We turned from a period in which all the forces operating on the economy were lined up to produce exceptionally favorable performance to a period when the economy must adjust to some of the imbalances that built up in the earlier period. Our job as monetary policymakers is to try to ensure that the adjustment is not too jarring. But there has been pain. Many investors are understandably unhappy at their loss of wealth. So much of what had been accumulated in a few years has quickly disappeared, almost as mysteriously. In addition, many firms have gone bankrupt and others will, especially some of the riskier ventures in the technology sector. But these patterns seem to have historical precedent in the corrections of both equity values and investment that follow, after a lag, the transition to a period of higher productivity growth.

Some might expect that new-economy developments would make recessions less likely. That is not an entirely unreasonable presumption. The experience among faster-growing European economies in the earlier postwar period was that these economies tended to have fewer quarters of declining output-the sine qua non of a recession as defined in the US-than was the case in the slower growing United States. Now that the US had become a higher growth economy (again), it might be that cyclical episodes would be more likely to be growth recessions and less likely to be outright recessions. However, in the US in the 1950s and 1960s-when average growth rates were about as high as today-the chance of negative-growth quarters was about equal to the chance in the 1970s and 1980s, when average growth was only half as large.

In addition, to the extent that the high-tech revolution increased the ability of firms to recognize and respond to changes in demand and quickly remedy unwanted inventory accumulation, the response of output to demand shocks might be less persistent. On the other hand, it appears that the high-tech revolution didn't help firms or other forecasters anticipate changes in demand.
There is no guarantee that a higher growth economy is less vulnerable to recessions. Indeed, I believe that the new-economy developments that have raised sustainable growth might also, at least initially, have made economic performance more volatile.
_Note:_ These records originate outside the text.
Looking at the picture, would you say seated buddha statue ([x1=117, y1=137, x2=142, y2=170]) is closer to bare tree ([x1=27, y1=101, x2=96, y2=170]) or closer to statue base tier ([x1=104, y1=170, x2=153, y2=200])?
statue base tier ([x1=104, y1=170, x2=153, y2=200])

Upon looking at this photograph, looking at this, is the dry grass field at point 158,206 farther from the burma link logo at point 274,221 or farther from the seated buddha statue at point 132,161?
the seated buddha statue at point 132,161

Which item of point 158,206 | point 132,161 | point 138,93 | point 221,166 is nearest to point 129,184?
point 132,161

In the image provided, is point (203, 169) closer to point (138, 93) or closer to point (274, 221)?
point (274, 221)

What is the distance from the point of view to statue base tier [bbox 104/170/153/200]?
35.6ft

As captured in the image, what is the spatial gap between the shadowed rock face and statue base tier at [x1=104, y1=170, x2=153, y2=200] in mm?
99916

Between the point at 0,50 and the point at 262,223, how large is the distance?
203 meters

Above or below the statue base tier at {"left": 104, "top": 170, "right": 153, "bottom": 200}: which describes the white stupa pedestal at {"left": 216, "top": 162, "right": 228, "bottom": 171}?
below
First, I noted that the adjustment to a higher rate of productivity growth might bring a temporary surge in output, on top of the higher average growth rates, while at the same time lowering the rate of inflation. Such a remarkable performance, while bound to be temporary, nevertheless could easily encourage unsustainable expectations. Hence, the attempt to take advantage of new-economy forces prompted such a frenzy of investment activity that many bad, as well as good, investment decisions were made. Bad investments result in some firms going out of business and others suffering temporarily depressed profitability and therefore curtailing further expansion for a while. And, in part because the profit opportunities of new technology firms were so difficult to gauge, exuberance took valuations to levels that proved to be unsustainable.

Two sets of new-economy forces are likely to be especially important in determining the severity of the slowdown. The first is the length of the adjustment period required to complete the shakeout and absorb any excess capacity resulting from the high-technology investment boom. The second is the time it takes for the accumulation of investment opportunities arising from the continued flow of innovations to lead to a revival of investment spending.
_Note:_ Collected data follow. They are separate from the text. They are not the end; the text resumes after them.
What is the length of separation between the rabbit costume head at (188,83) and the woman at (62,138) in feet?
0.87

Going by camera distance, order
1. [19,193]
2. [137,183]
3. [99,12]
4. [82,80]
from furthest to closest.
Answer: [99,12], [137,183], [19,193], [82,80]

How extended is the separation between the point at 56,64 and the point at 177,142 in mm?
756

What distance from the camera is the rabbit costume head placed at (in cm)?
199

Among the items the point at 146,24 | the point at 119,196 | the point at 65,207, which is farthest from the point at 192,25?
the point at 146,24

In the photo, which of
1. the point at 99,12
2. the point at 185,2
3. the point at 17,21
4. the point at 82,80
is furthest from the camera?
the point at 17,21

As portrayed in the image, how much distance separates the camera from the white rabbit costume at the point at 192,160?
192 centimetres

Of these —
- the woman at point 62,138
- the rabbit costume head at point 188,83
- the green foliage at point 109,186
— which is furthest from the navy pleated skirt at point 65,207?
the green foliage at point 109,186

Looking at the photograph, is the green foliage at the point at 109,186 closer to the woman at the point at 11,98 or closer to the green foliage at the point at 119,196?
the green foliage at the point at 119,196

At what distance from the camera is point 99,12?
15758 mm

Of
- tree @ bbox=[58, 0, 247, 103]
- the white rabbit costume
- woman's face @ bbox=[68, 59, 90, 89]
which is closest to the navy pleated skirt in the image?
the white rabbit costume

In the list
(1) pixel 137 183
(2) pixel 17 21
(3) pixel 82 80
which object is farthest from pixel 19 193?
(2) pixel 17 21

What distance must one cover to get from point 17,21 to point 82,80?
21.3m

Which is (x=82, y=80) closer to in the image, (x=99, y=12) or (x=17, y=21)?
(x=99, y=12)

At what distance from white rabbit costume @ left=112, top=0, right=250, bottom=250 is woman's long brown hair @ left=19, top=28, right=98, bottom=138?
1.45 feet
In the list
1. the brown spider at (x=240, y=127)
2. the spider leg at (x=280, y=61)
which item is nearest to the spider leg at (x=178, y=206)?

With respect to households, it appears inevitable that the decline in equity valuations will result in a negative wealth effect; as a result, growth in consumer spending is likely to remain below the pace of increase in income for a while. This will, over time, partially reverse the earlier decline in the saving rate. The other related key will be the degree to which declines in consumer confidence, perhaps under the influence of a softer labor market, undermine consumer spending.

The consensus forecast remains quite optimistic. It calls for a weak first half-but no recession-and some improvement in the second half, on the way to trend growth next year. One reason for a relatively optimistic assessment of recovery is that monetary policy has eased promptly and aggressively to support aggregate demand. To date, this easing has had only a little effect on aggregate demand. That is not a statement about the lack of potency of monetary policy, only about the well-known lag in the response of aggregate demand to monetary policy action. Given this lag, monetary policy could provide limited support for the economy during the period when weakness was developing.

But the response to the cumulative easing to date should begin to mount in the second half and continue to build in 2002. Moreover, if expectations in futures markets are borne out, energy prices should be moving lower. In addition, fiscal stimulus is on the way.

But the key to the strength and rapidity of the recovery will be the balance between the working off of excesses associated with new-economy forces that built up in 1999 and early 2000 and the renewal of investment as new-economy opportunities continue to accumulate.